Ann Powers
Ann Powers is NPR Music's critic and correspondent. She writes for NPR's music news blog, The Record, and she can be heard on NPR's newsmagazines and music programs.
One of the nation's most notable music critics, Powers has been writing for The Record, NPR's blog about finding, making, buying, sharing and talking about music, since April 2011.
Powers served as chief pop music critic at the Los Angeles Times from 2006 until she joined NPR. Prior to the Los Angeles Times, she was senior critic at Blender and senior curator at Experience Music Project. From 1997 to 2001 Powers was a pop critic at The New York Times and before that worked as a senior editor at the Village Voice. Powers began her career working as an editor and columnist at San Francisco Weekly.

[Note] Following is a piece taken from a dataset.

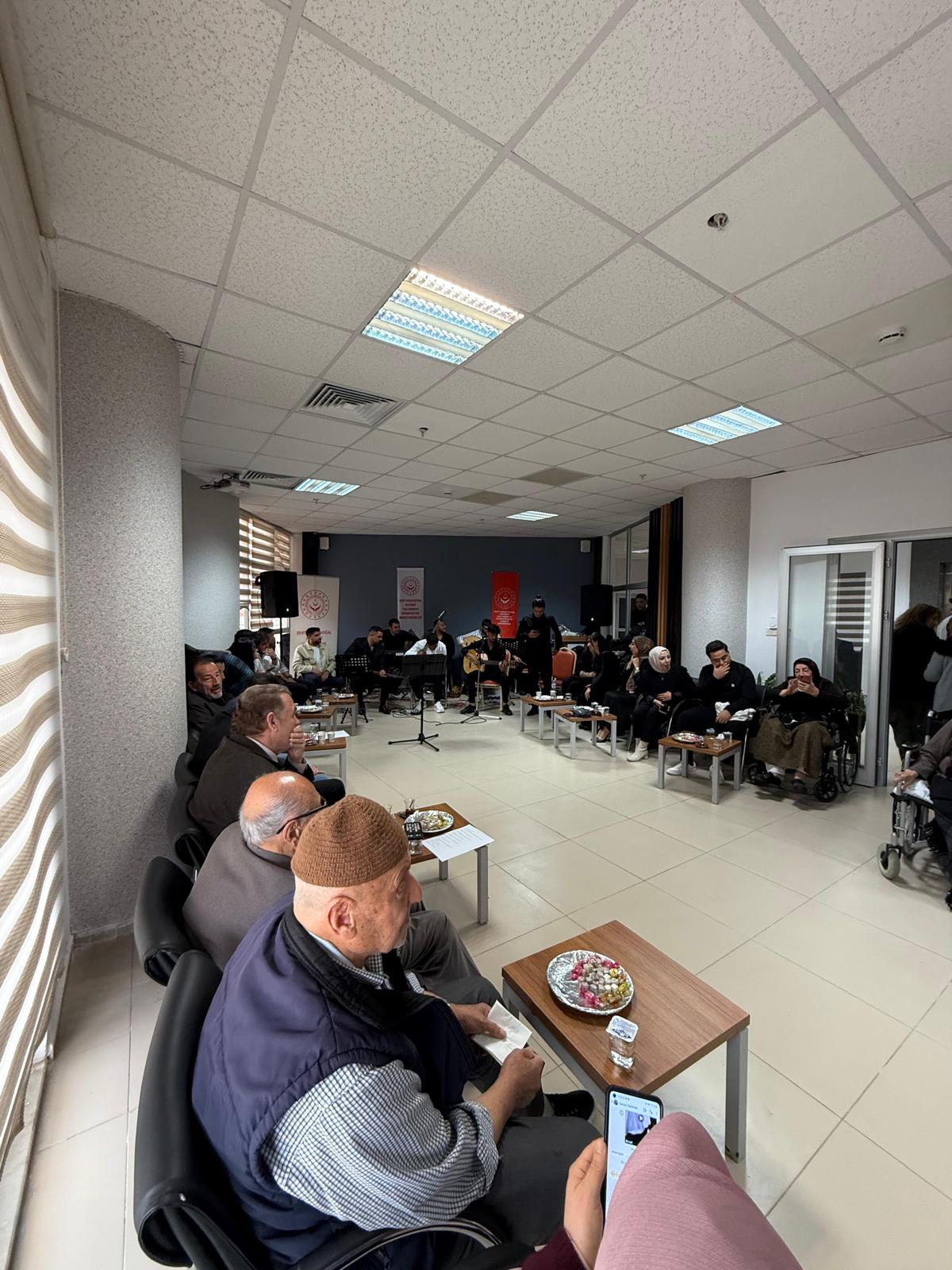 Yaşlı Bakım ve Rehabilitasyon Merkezinde Konser Gerçekleştirildi.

Her writing extends beyond blogs, magazines and newspapers. Powers co-wrote Tori Amos: Piece By Piece, with Amos, which was published in 2005. In 1999, Power's book Weird Like Us: My Bohemian America was published. She was the editor, with Evelyn McDonnell, of the 1995 book Rock She Wrote: Women Write About Rock, Rap, and Pop and the editor of Best Music Writing 2010.
After earning a Bachelor of Arts degree in creative writing from San Francisco State University, Powers went on to receive a Master of Arts degree in English from the University of California.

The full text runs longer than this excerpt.